- Film poster
- Directed by: Priyanandanan
- Screenplay by: Manoj
- Story by: Ranjith
- Produced by: Jahangir Shamz
- Starring: Kavya Madhavan Irshad
- Cinematography: Pratap P. Nair
- Edited by: Venugopal
- Music by: Natesh Sankar
- Production companies: Like Pictures Xarfnet Movies
- Distributed by: Like Release
- Release date: 29 April 2011;
- Country: India
- Language: Malayalam

= Bhakthajanangalude Sradhakku =

2011 Indian Malayalam-language film

Bhakthajanangalude Sradhakku is a 2011 Indian Malayalam-language drama film directed by Priyanandanan and written by Manoj from a story by Ranjith. It stars Kavya Madhavan and Irshad. The film narrates the story of a self-declared demigod and her alcoholic husband. It is reportedly inspired from the life of the controversial godwoman Divya Joshi.

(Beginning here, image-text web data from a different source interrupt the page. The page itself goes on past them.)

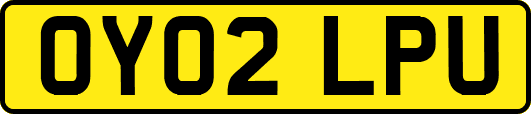 OY02LPU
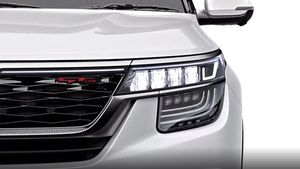 സെൽറ്റോസ് ഇവി 2021 വിപണിയിലെത്തിക്കാനൊരുങ്ങി കിയ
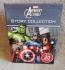 Marvel - Avengers Assemble - Story Collection - 4 Hardback Books in Slip Case - Published by Parragon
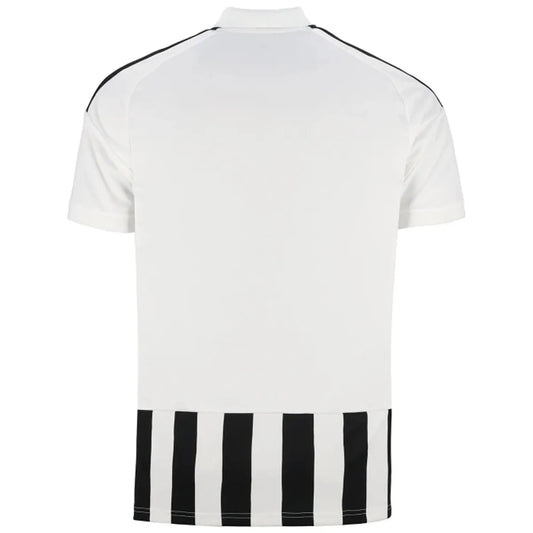 Juventus Hjemme Herrer Fan-drakt 2026/27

The movie was produced by Jahangir Shamz under the banner of Xarfnet Movies.
==Cast==
- Kavya Madhavan as Sumangala
- Irshad as Viswanathan
- Vanitha Krishnachandran as Saradha
- Kalabhavan Mani as Ammavan
- Jagadeesh
- Salim Kumar
- Geetha Vijayan
- Sadiq
- Augustine
- Indrans
- Jijoy Rajagopal

== Soundtrack ==
The film's soundtrack was composed by Natesh Shankar, with lyrics penned by Mullanezhi, Jayakumar Chengamanadu, and Rafeeq Ahamed.

Soundtrack Album
| # | Song | Singers |
|---|---|---|
| 1 | "Aadi Gurunaadhe" | Vidyadharan, Chorus |
| 2 | "Enikkoru" | K. J. Yesudas |
| 3 | "Enikkoru Nilaavinte" | K. S. Chithra |
| 4 | "Punnaaka Kompathu" (D) | P. Jayachandran, Sujatha Mohan |
| 5 | "Punnaaka Kompathu" (F) | Sujatha Mohan |
| 6 | "Punnaaka Kompathu" (M) | P. Jayachandran |

==Production==
Priyanandan announced the film soon after his Prithviraj Sukumaran-Kavya Madhavan starrer Mandarappoovalla got shelved. The songs recorded for Mandarappoovalla are used in this film. The film was shot at various parts of Kannur.